Bodies (with and without skin)



-Last night was Penny's last performance with The Wedding Singer. For those who don't know, Penny is the actress who played the rapping Grandmother in the show. So what does one do to celebrate with a 74 year old woman? Why take her to the Australian male strip show of course!
-We were able to get a block of comp tickets to see Thunder From Down Under, so we had a group outing last night after our show ended. As it turned out, the Wedding Singer group made up at least 1/3 of the audience, and I have a feeling we were one of the rowdiest audiences that the Aussies boys have experienced here in Atlantic City.
-Unfortunately we could have been the quietest audience that they ever had for all the difference it made. The show itself was pretty lame. The guys looked really awkward, and the choreography was sub-par boy band dancing. We were able to get Penny up on the stage for a bit of audience participation. That was a hoot!
-Today I decided to go see the Bodies: The Exhibit presentation at the Taj Mahal. This is one of the touring exhibits of human bodies that have been preserved with a polymer and then posed and dissected to show various parts of the anatomy. I very much enjoyed seeing the preserved bodies. In fact they were far more entertaining and informative that the live bodies from last night!
-I was especially glad to see the exhibit given the fact that I just finished reading a book called, Stiff: The Curious Lives of Human Cadavers. Stiff is not a book for everyone as it deals with topics like putrification, human dissection, and various other ways a human body is used after death, but I loved it. The most amazing aspect of the book is that everything is told in a lighthearted yet respectful manner. My favorite bit being the joke about "I (liver sign) my Pekinese" bumper sticker. Okay so you have to read it to understand the joke.

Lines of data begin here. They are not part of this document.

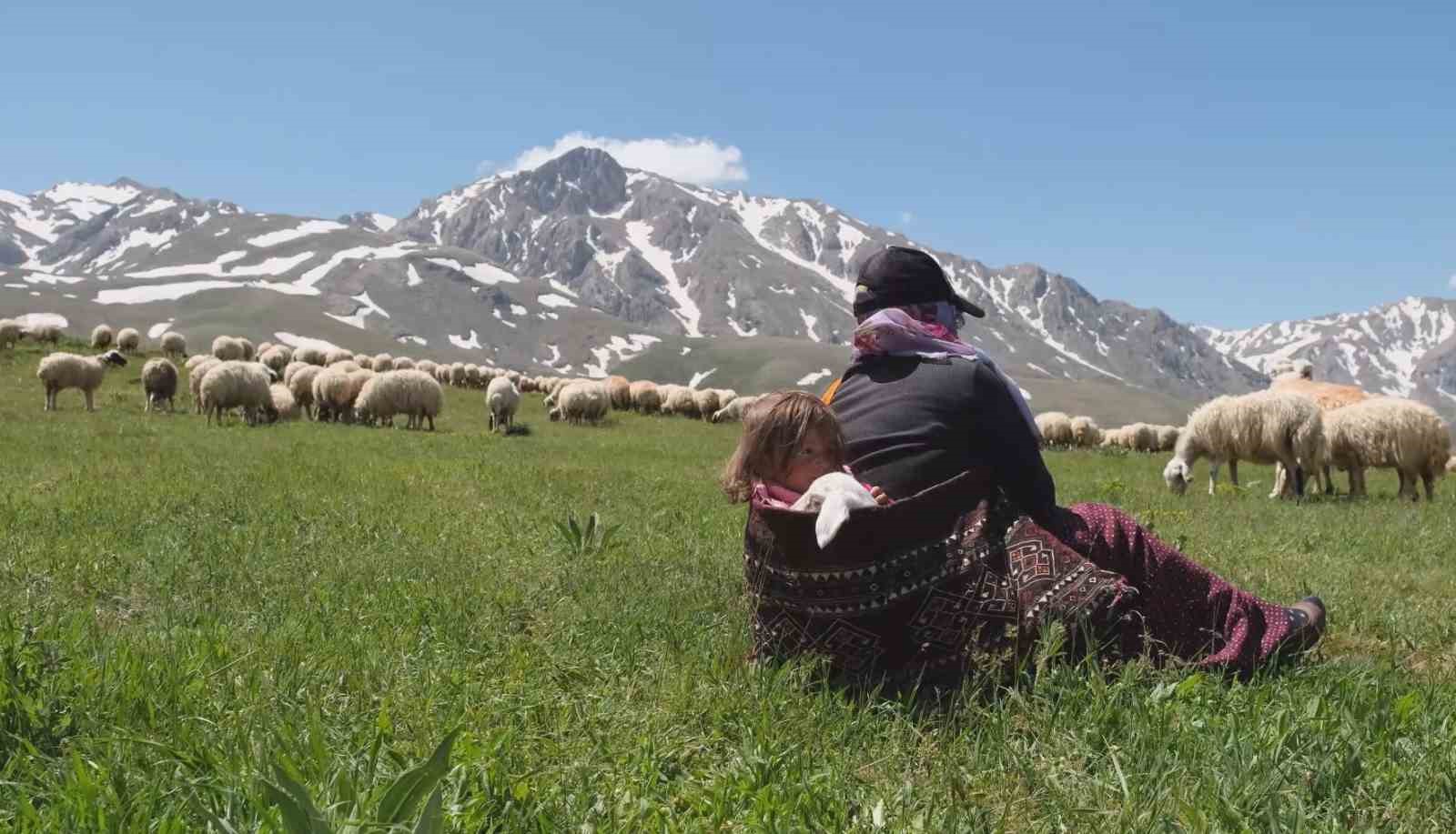 ERZİNCAN’DA MERALAR KÜÇÜKBAŞ HAYVANLARLA ŞENLENDİ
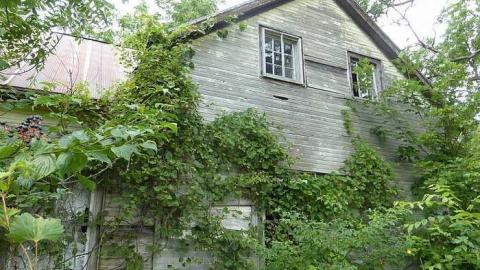 Schenk Farm - Donald-Schenk-farm103.jpg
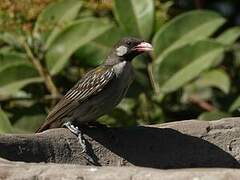 Greater Honeyguide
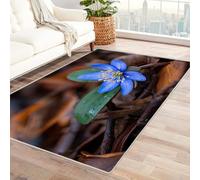 CUDAOO Tapis de Salon Imprimé Coloré Fleur d'étoile Bleue Tapis de Salon, Chambre Adulte Salle à Manger Bureau(Bleu)-150x180cm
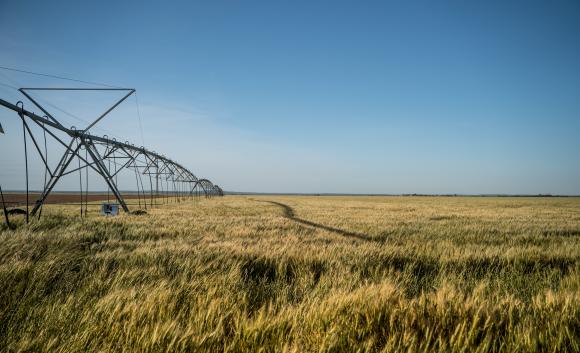 irrigation system on field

-In Stiff the author describes the process of preservation that is used on the bodies that were in the exhibit. Everyone has been asking me if the bodies are creepy, and they really are not. They look realistic and plastic at the same time. The best way to describe them would be an anatomy textbook come to live.
-Sadly I reached my information overload midway through the respiratory system, and did not spend as much time in the second half of the exhibit as the first. Aside from the full body figures, my favorite part of the exhibit was the blood vessel displays. It was really surreal to see only the blood vessels of a person's left foot. Very cool!
-Given my obsessive tendencies (and copious amount of free time), I can foresee making a return visit. Maybe they will let me start at the end and go backwards?!?